4. Poor Chunk Boundaries

A table spans two chunks. A code block is split in half. A critical definition sits at the end of one chunk and its explanation at the start of the next.

Solution: document-aware chunking (as described above) plus overlap is not enough. For tables and code blocks, detect them as atomic units and never split them. Add a pre-processing step that identifies these structures.

5. The “Relevant but Wrong” Retrieval

The retrieved chunks are semantically related to the query but do not contain the answer. The LLM, seeing related context, generates a plausible-sounding but fabricated answer instead of saying “I don’t know.”

Solution: add a faithfulness check. After generation, score whether the answer is grounded in the retrieved context. If the faithfulness score is below a threshold, return a fallback response. This is where RAGAS faithfulness metric becomes a runtime guardrail, not just an offline evaluation tool.
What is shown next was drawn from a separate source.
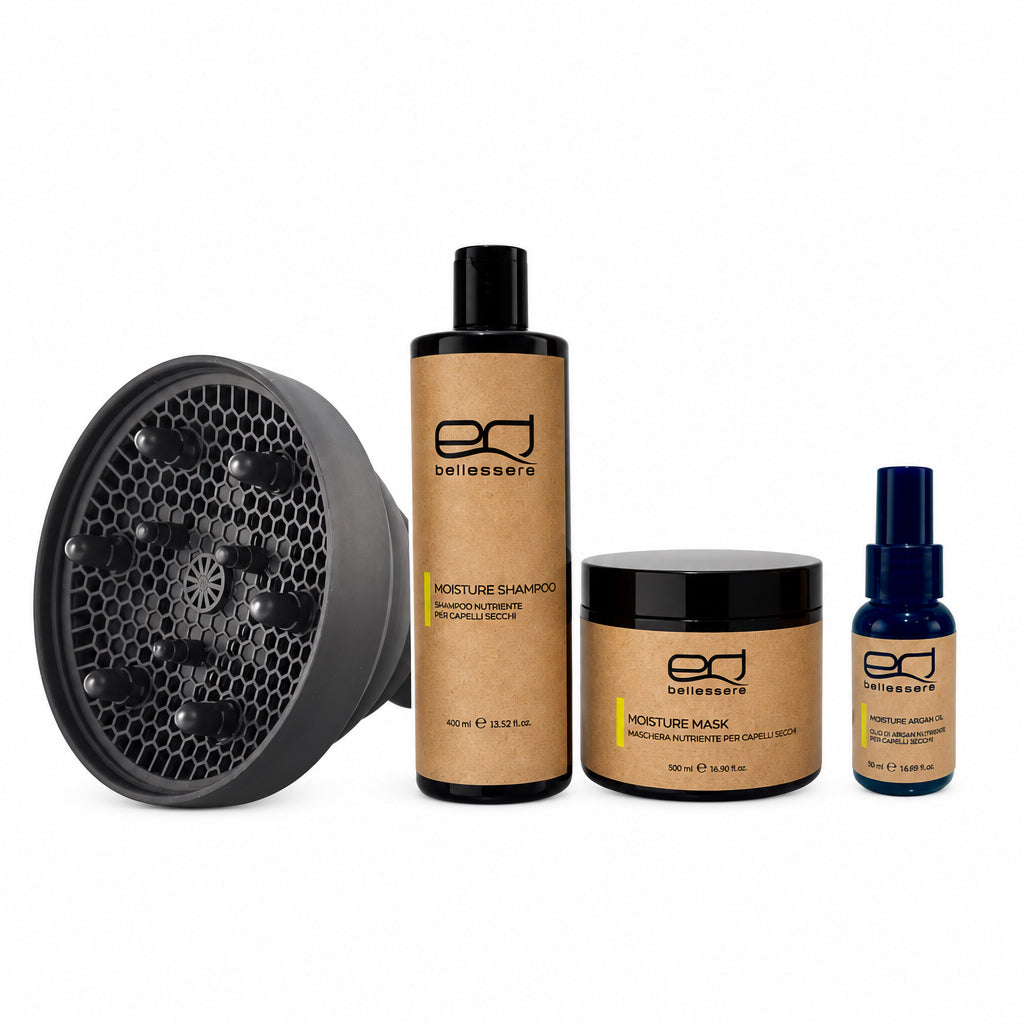 Edbellessere MOISTURE KIT - Shampoo + Mask + Olio per capelli ricci e crespi + DIFFUSORE IN OMAGGIO - Edbellessere S.r.l.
The Minimal Production RAG Stack

If I were starting a new RAG project today with real production requirements, here is exactly what I would pick:

Component	Choice	Why
Chunking	Document-aware + recursive fallback	Best balance of quality and complexity
Embedding	OpenAI text-embedding-3-large (1024 dims)	Quality, simplicity, reduced dimensions for cost
Vector DB	Qdrant (self-hosted) or Pinecone (managed)	Depends on ops preference
Search	Hybrid (vector + BM25) with alpha=0.65	Catches both semantic and lexical matches
Reranker	Cohere Rerank v3.5	Best quality-to-cost ratio
Evaluation	RAGAS, 75+ eval pairs, CI integration	Regression prevention
LLM	Claude Sonnet for generation	Strong instruction following, good grounding

Start with this stack, measure with RAGAS, and iterate on the component that scores lowest. In my experience, improving chunking gives you the biggest lift first, followed by adding reranking, followed by hybrid search tuning.

Closing Thoughts

RAG is deceptively simple in concept and genuinely difficult in execution. The retrieval step is where most systems fail, and it is the step that gets the least attention in tutorials. The generation model is only as good as the context you feed it.

Focus on three things: chunk quality, retrieval precision, and measurement. Everything else — the specific vector database, the exact embedding model, the framework you use — is a secondary decision that you can change later. But if your chunks are bad and you are not measuring retrieval quality, no amount of model upgrades or prompt engineering will save you.

Build the evaluation harness first. Then iterate on everything else with data, not intuition.